It’s official: I am definitely an introvert.

Graduate school has put the issue to rest. My assistantship has doubly reinforced it. I get invited to parties and get-togethers all the time and have, as of yet, only gone to a few. Last week I went to watch someone’s band play for the first time and found myself reading an article in the NYT on a barstool instead of engaging with the drunks. When it was all over, I couldn’t figure out a way to my friend near the stage through the sea of inebriated coeds with minimal awkwardness…so I bolted.

The stange thing is  – I’m not shy.

This is a seldom -noted aspect of introversion that a lot of introverts report. We can be shy, but most of us are only moderately adverse to social situations in general. The real defining trait of an introvert is the loss of psychic energy during interpersonal social exchanges. We’re the ones who think creating and maintaining a social persona is hard work (re: “emotional labor”), unlike extroverts who tend to find maintaining that social façade an energy-giving creative outlet and a generally good time.

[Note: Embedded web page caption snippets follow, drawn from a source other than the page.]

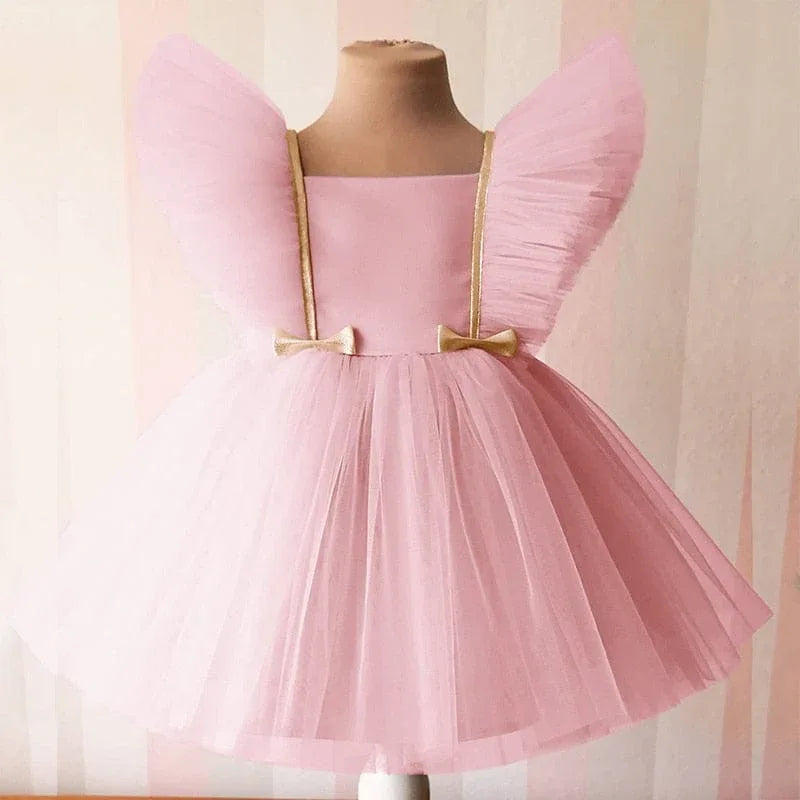 Girls pink special occasion dress with lace and tulle wings, toddler size with gold bow accents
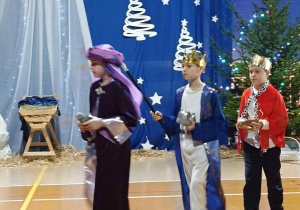 Uczniowie przebrani za Trzech Króli podążają do stajenki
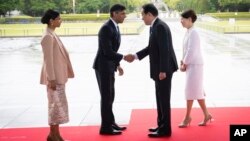 2023年5月19日,日本广岛举行的七国集团峰会开幕前,英国首相里希·苏纳克(左二)和他的妻子阿克沙塔·穆尔蒂(左一)在广岛和平纪念公园受到日本首相岸田文雄(右二)和妻子岸田裕子(右一)的欢迎。
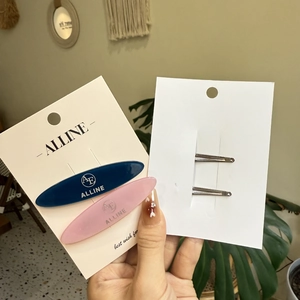 Close-up of pink and navy resin hair clips with metal duckbill structure detail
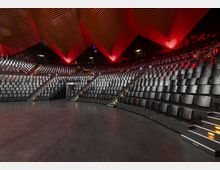 Moderner Veranstaltungssaal mit ansteigenden Sitzreihen aus schwarzen Stühlen, beleuchteten Treppenstufen und einem auffälligen geometrischen Deckendesign in Rot- und Orangetönen. Der Raum wirkt groß und ist für Zuschauertribünen ausgelegt.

I’m a performer. Public speaking and singing are EASY for me. I shine in social media exchanges and on YouTube. These are obviously highly impersonal exchanges and less reciprocal than the give and take of an in-person conversation. Being larger than life in choreographed, anticipated bursts takes much less energy than being “me” one-on-one for long stretches of time. It takes a lot of work to cork the bottle containing my jittery over-thinking.  I am not very good at doing this while anticipating the moods of others and can get easily burnt out by the process.

I can be quite a jovial, charismatic creature when in small, familiar groups of people in comfortable settings. Large crowds are exhausting and the incessant overstimulation thrown at the undergrads around my college campus makes me want to burrow under my bed with a 500+ page book about the biochemistry of human metabolism and the neurology of the enteric nervous system and never re-emerge.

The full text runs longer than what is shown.